[DATA EXCERPTS Boundary: Start]

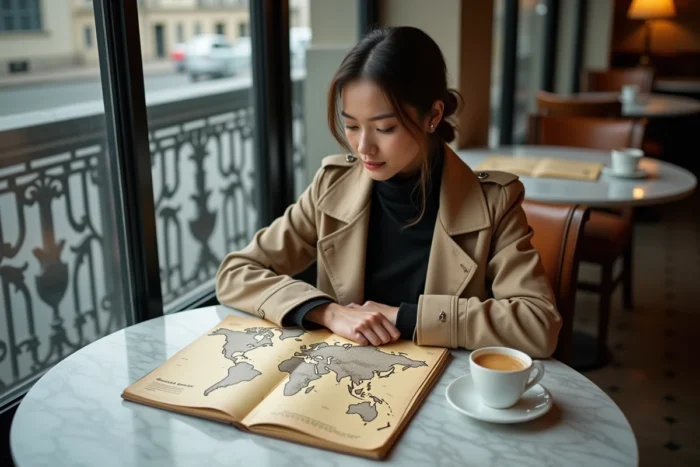 Jeune femme dans un café parisien consultant une carte des fuseaux horaires et un carnet de voyage pour organiser ses rendez-vous internationaux avec New York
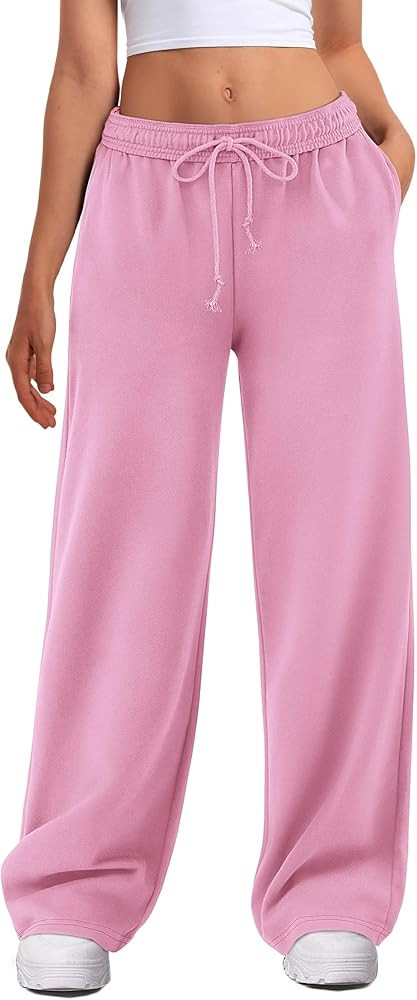 ATHMILE Women's Wide Leg Sweatpants High Waisted Baggy Interior Drawstring Joggers Straight Leg S... | Amazon (US)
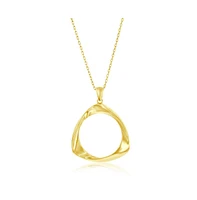 Simona Gold Plated Over Sterling Silver High Polished Twist Triangle Pendant Necklace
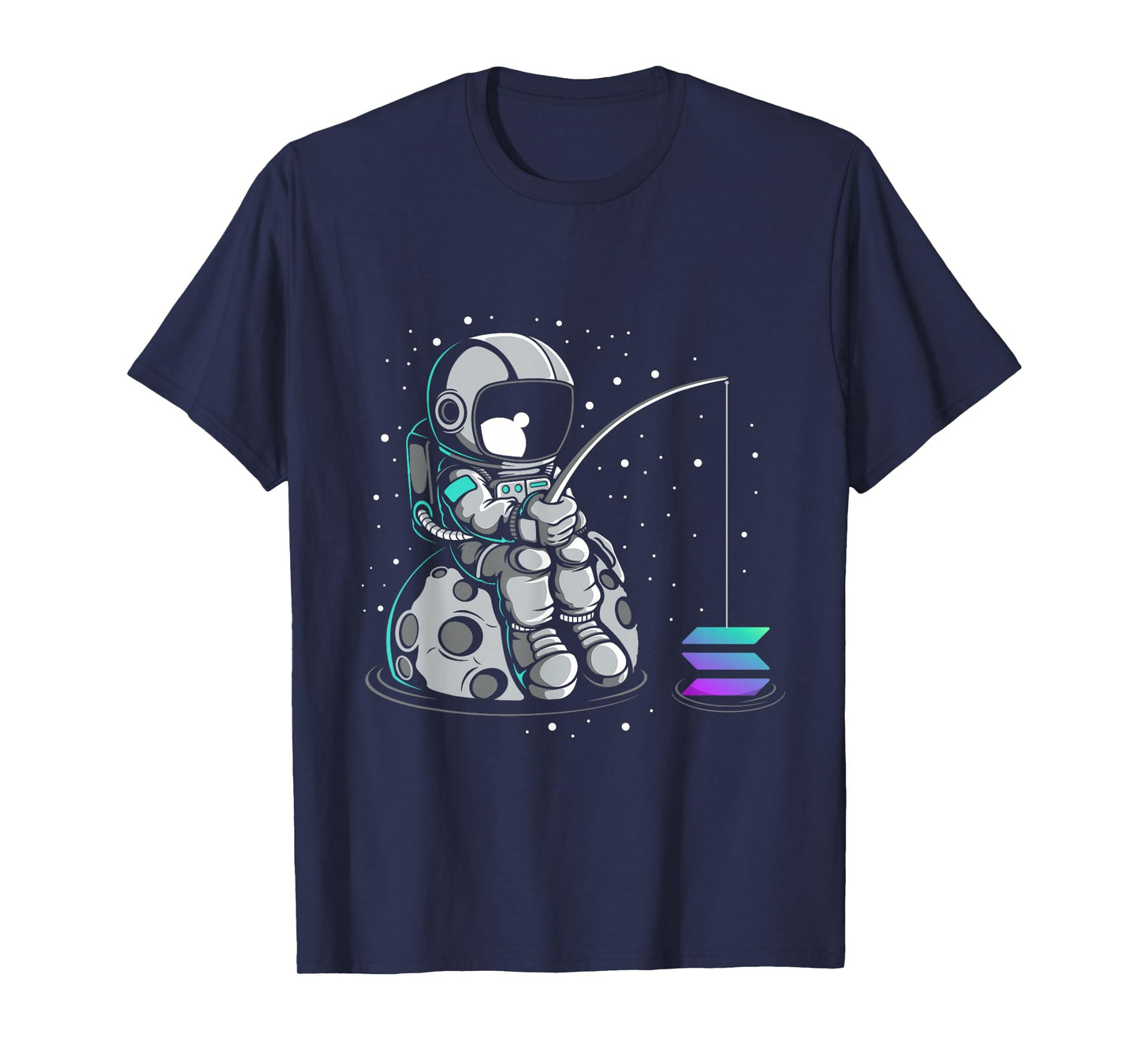 Solana Fishing Crypto Bullrun SOL Token Rich Millionaire T-Shirt
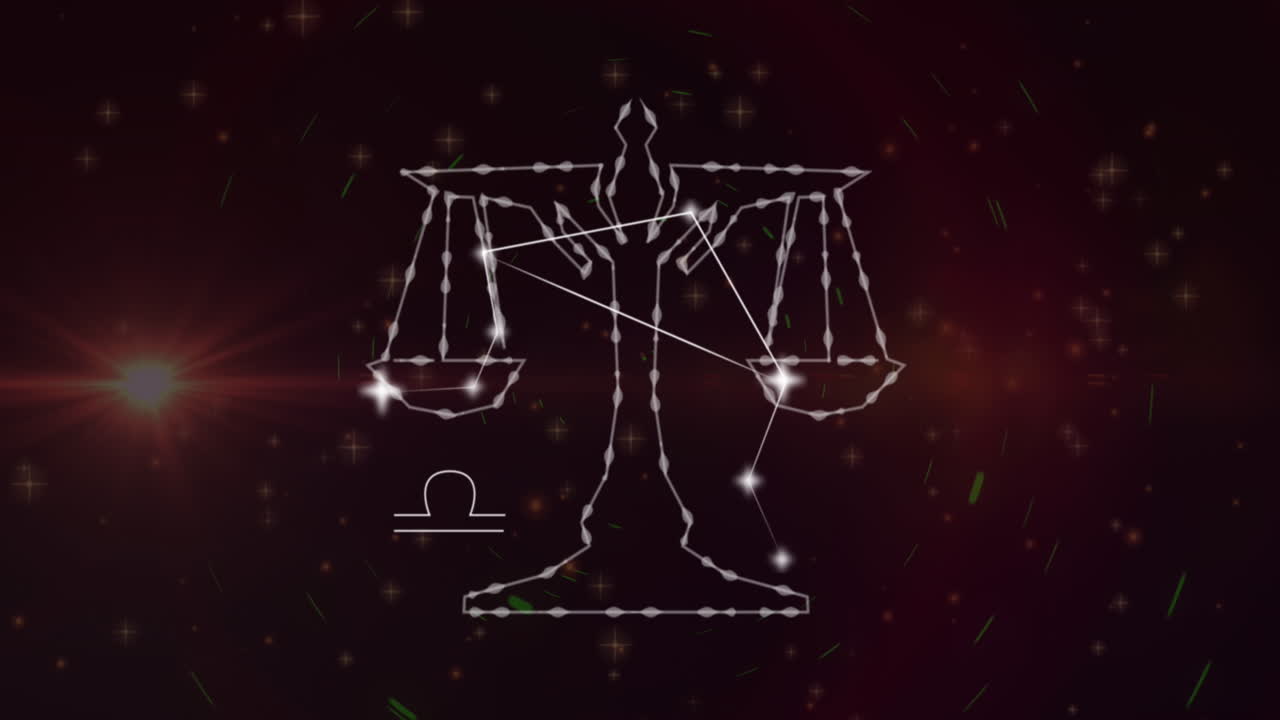 animación del signo de la estrella libra en nubes de humo en el fondo.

[DATA EXCERPTS Boundary: End]

__TASK PROMPT__
Return the data exactly. Do not carry over any images.

__REPLY__
 Jeune femme dans un café parisien consultant une carte des fuseaux horaires et un carnet de voyage pour organiser ses rendez-vous internationaux avec New York
 ATHMILE Women's Wide Leg Sweatpants High Waisted Baggy Interior Drawstring Joggers Straight Leg S... | Amazon (US)
 Simona Gold Plated Over Sterling Silver High Polished Twist Triangle Pendant Necklace
 Solana Fishing Crypto Bullrun SOL Token Rich Millionaire T-Shirt
 animación del signo de la estrella libra en nubes de humo en el fondo.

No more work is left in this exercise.